My code has been flagged but above it the folder to the work files and screenshots that I used for the streamlit code.

In case they don’t unflag my code, I will share it again.

Thank you

Hey @Cyubahiro_Patrick,

Thanks for linking your google drive with some test excel files, they were very helpful for me to test the code you sent.

So I have this working locally:
Firstly, in your def main() you need to add in a couple logic statements so that if the user has not put in anything in your input fields, the app does not try to run with those empty. Those are both errors that you have screenshotted in your drive:

I have fixed this like so:

def main():

    folderPath = st.text_input('Enter Abys bus monthly data folder path:')
    #I want to pass a folder path with many excel files that are read
    if len(folderPath) != 0:
        files = file_selector(folderPath)
        df0 = files[['Unnamed: 5', 'Unnamed: 6', 'Unnamed: 7', 'Unnamed: 28', 'Unnamed: 29']]
        df0.rename({'Unnamed: 5':'PlateNumber','Unnamed: 6':'Line Code','Unnamed: 7':'Start Date ','Unnamed: 28':'Total Pieces ','Unnamed: 29':'Total RWF'}, axis=1, inplace=True)
        #df['month_year'] = pd.to_datetime(df['Start Date ']).dt.to_period('M')
        st.write(df0)


    occPath = st.text_input('Enter the occupany data :')
    if len(occPath) != 0:
        files = file_selector(occPath)
        df1 = files[['Unnamed: 5', 'Unnamed: 6', 'Unnamed: 7', 'Unnamed: 28', 'Unnamed: 29']]
        df1.rename({'Unnamed: 5':'PlateNumber','Unnamed: 6':'Line Code','Unnamed: 7':'Start Date ','Unnamed: 28':'Total Pieces ','Unnamed: 29':'Total RWF'}, axis=1, inplace=True)
        #df['month_year'] = pd.to_datetime(df['Start Date ']).dt.to_period('M')
        st.write(df1)

I was also more specific about the 2 paths your taking in and your data frames, giving them unique names. Because Streamlit runs your script from top to bottom each time you interact with a widget on the page, if you are overwriting your dataframes and paths you could run into trouble.

Once this was working fine, I actually ran into another problem, because I didn’t have xlrd installed. So i was able to install that following info from this link:
pip install xlrd OR conda install -c anaconda xlrd

And then it runs and the data loads. Now I am not able to enter any info into the second text_input because I am not sure what data your looking for here. But here is the app working up to this spot on my local computer:

Hope this helps!
Marisa
P.S. Sorry about the flag, the system can be too overzealous when people copy paste code in!

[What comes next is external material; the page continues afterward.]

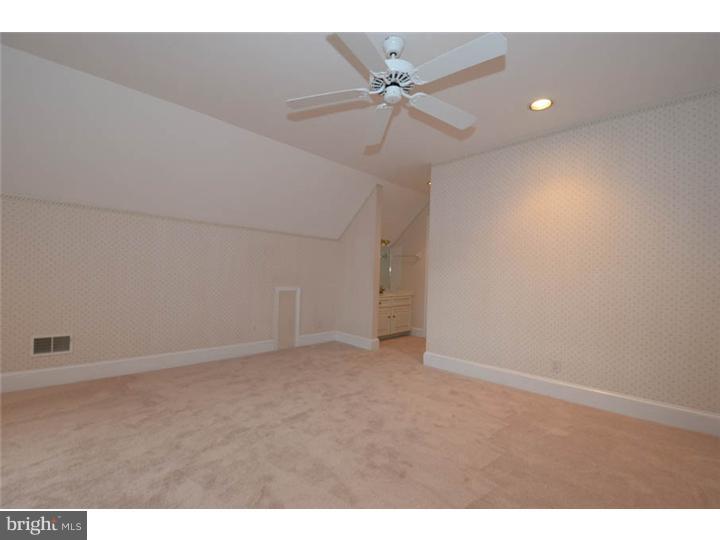 15 Villanova Road Villanova, PA 19085 - Photo 23 of 25 Gallery Image 23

You’re the absolute best Marisa. For that reason I am now determined to learn streamlit all credit to you and thanks for the quick turnaround when resolving all my issues. Thank you

2 Likes

No problem @Cyubahiro_Patrick! :smiling_face_with_three_hearts:

Happy Streamlit-ing!!! :grin:
Marisa

@Marisa_Smith, I have now finalized my app and hosted it on Heroku but seems like for the work files I worked with, I have to upload them. The file upload doesn’t work with a local file path. Do you know of any way I can work a local file path like
“C:\Users\pbuchana\City_Occupancy\KBS\KBS Jouney Reports_December”

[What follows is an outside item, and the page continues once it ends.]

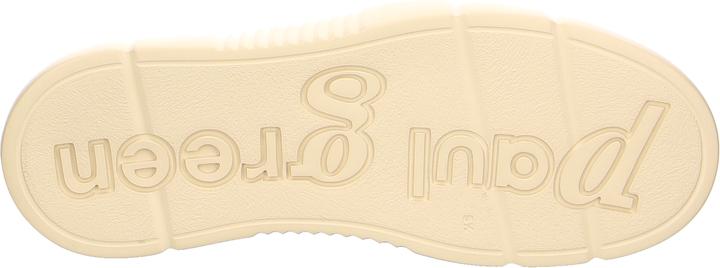 Image du produit Paul Green Sneaker (42)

https://streamlit-excel-app.herokuapp.com/ (You can use this link to test)

Or I have to upload all the files on Heroku as I have seen on other forums.

Hey @Cyubahiro_Patrick,

I’m not sure about this one as I haven’t hosted any apps on Heroku (I usually use Streamlit Sharing)

BUTTTT @Charly_Wargnier does do Heroku deployments a lot and I think he might be able to lend a hand on this!

@Charly_Wargnier any thoughts?

Marisa

Hi @cyubahiro_patrick :wave:

Looks like you’ll need to replace your local path with your Heroku/github path.

Hope that makes sense?

Charly

1 Like

Wow!!! Just checked out the Streamlit Sharing, it looks dope. I will look into it. Thanks

1 Like

Thank you @Charly_Wargnier and nice to meet you. I will there was a way to upload straight from the local path.

1 Like

Petty issue here!! Is it just me or does the slider just not work on the table display in streamlit.
The red part works but slider in Yellow doesn’t move, how do you do it?